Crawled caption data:
---*---

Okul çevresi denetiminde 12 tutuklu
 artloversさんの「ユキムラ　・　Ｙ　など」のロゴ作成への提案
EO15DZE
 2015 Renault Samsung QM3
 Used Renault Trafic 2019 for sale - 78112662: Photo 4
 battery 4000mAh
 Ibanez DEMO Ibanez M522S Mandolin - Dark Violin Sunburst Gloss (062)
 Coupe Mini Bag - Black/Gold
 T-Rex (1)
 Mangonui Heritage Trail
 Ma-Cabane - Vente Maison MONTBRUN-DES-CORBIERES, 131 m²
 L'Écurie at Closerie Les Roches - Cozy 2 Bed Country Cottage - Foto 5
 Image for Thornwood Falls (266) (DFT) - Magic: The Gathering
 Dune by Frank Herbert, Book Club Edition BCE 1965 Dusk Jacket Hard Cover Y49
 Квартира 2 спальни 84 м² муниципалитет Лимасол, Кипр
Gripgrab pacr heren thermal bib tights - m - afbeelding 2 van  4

---*---

◆ Requirement ◆
The expected result is a copy of each line in the records where "Renault" appears.

◆ Written solution ◆
 2015 Renault Samsung QM3
 Used Renault Trafic 2019 for sale - 78112662: Photo 4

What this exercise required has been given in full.